§ **Exercise aim**: Quote all lines below exactly. Images stay out.
^^^^^^^^^^^^^^^^
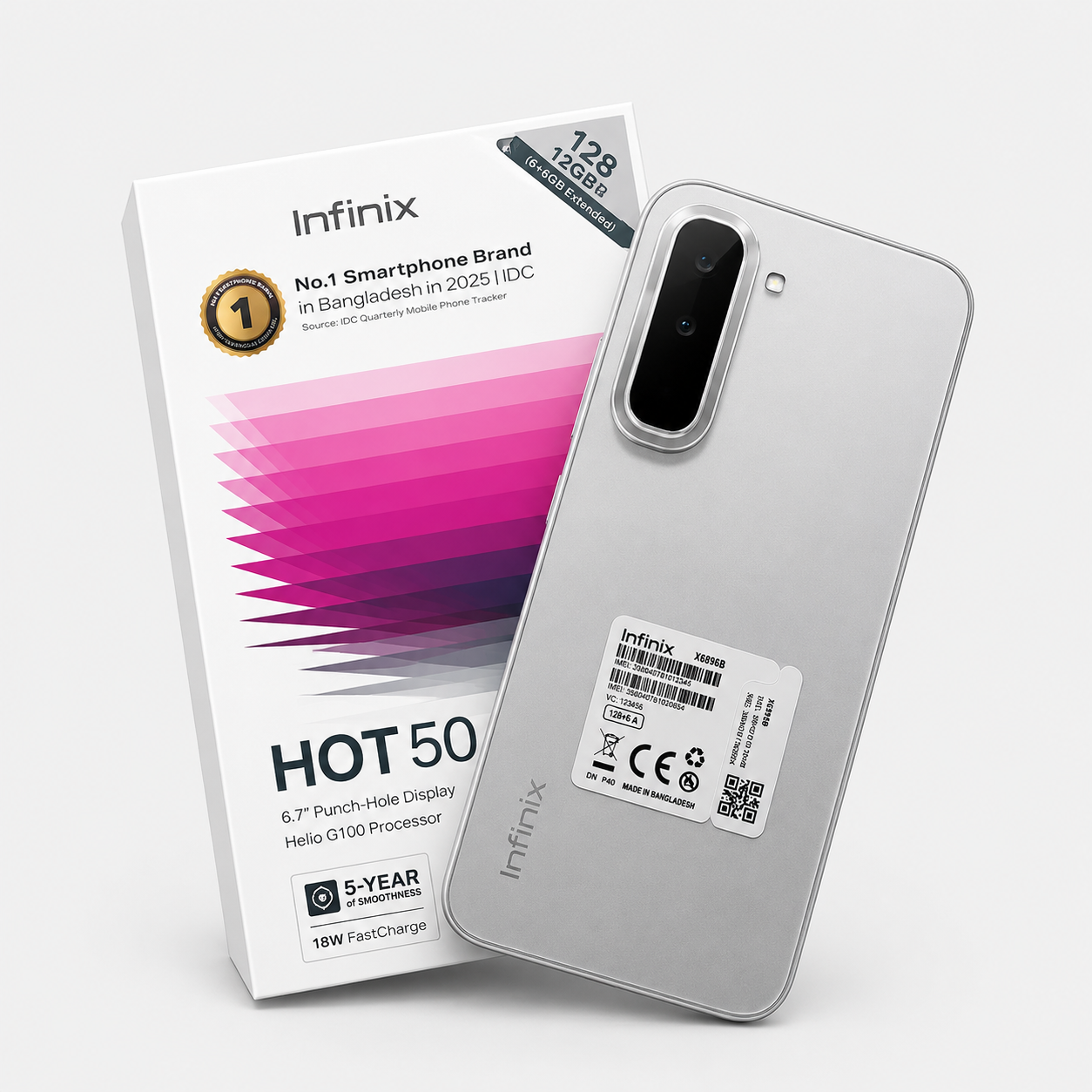 Infinix HOT 70 — Batterie 6000mAh | 8Go RAM 128Go | Livraison Gabon | Kadmarket Kadmarket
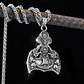 Collar Vikingo Drakkar-lobos, Acero Inoxidable, Hombre - Miniatura 6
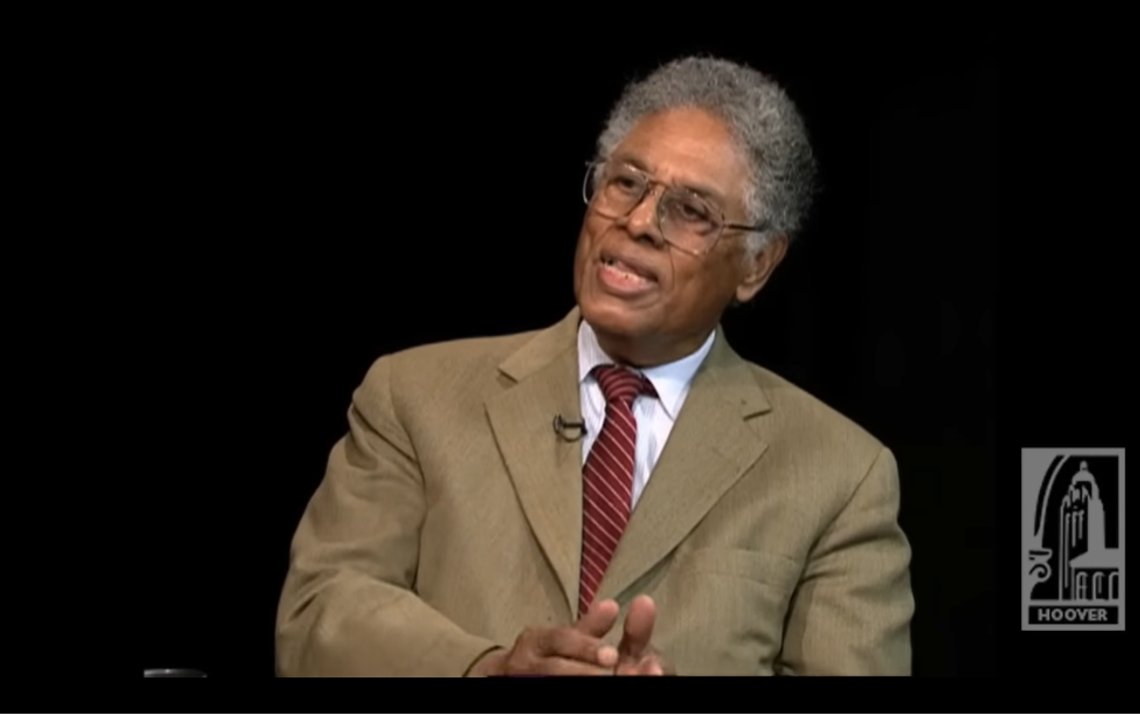 Thomas Sowell i et intervju med Hoover Institution. Stillbilde YouTube Thomas Sowell i et intervju med Hoover Institution. Stillbilde YouTube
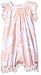 Burt's Bees Baby Baby Girls' Organic Short Sleeve Romper, Grapefruit, 12 Months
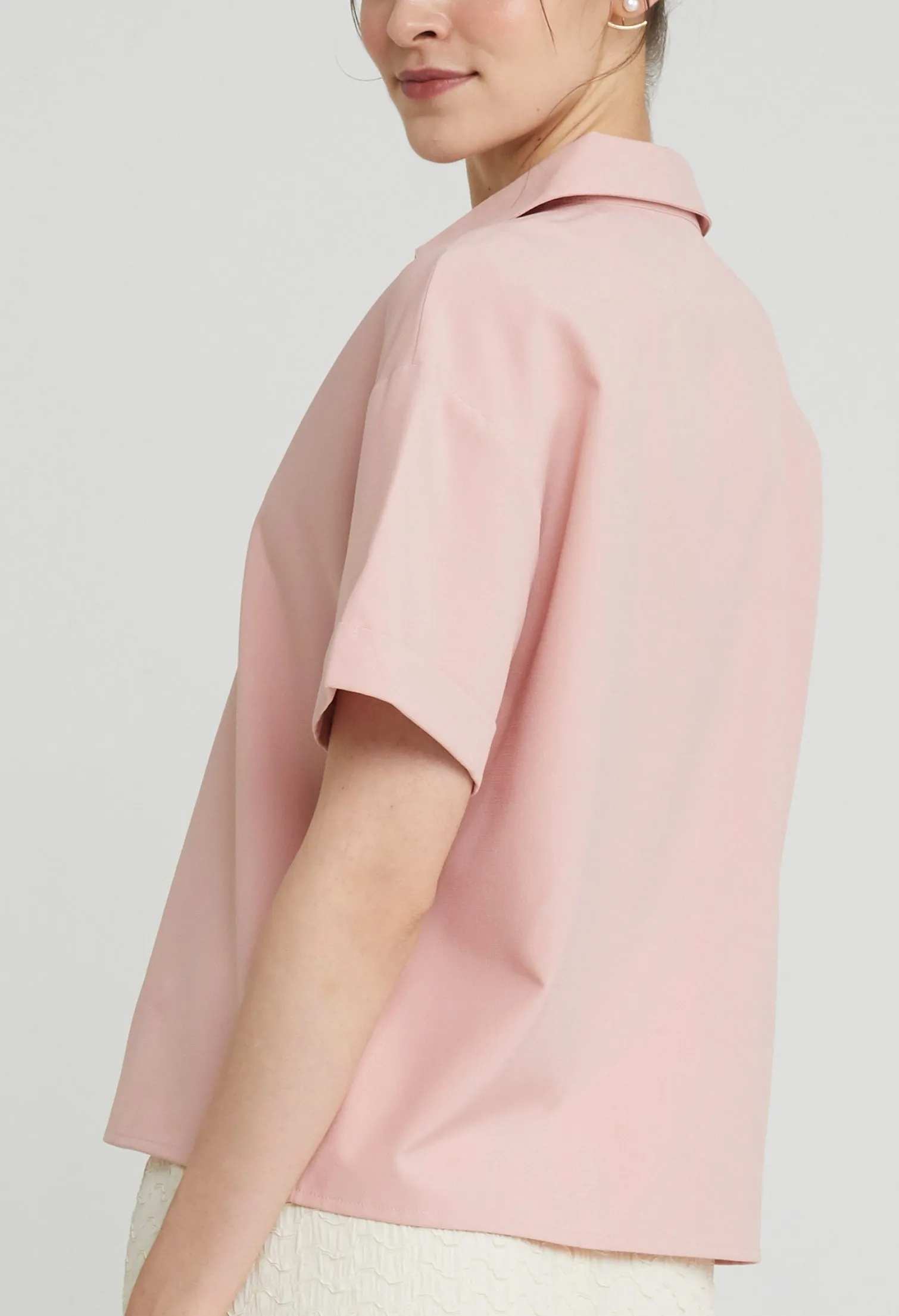 Pleated Slip-On Top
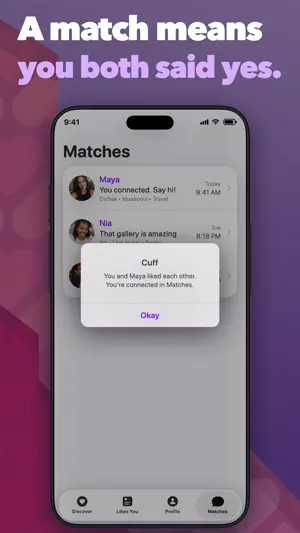 Cuff: Make Friends & Date screenshot 8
^^^^^^^^^^^^^^^^
§ **Response area**:
 Infinix HOT 70 — Batterie 6000mAh | 8Go RAM 128Go | Livraison Gabon | Kadmarket Kadmarket
 Collar Vikingo Drakkar-lobos, Acero Inoxidable, Hombre - Miniatura 6
 Thomas Sowell i et intervju med Hoover Institution. Stillbilde YouTube Thomas Sowell i et intervju med Hoover Institution. Stillbilde YouTube
 Burt's Bees Baby Baby Girls' Organic Short Sleeve Romper, Grapefruit, 12 Months
 Pleated Slip-On Top
 Cuff: Make Friends & Date screenshot 8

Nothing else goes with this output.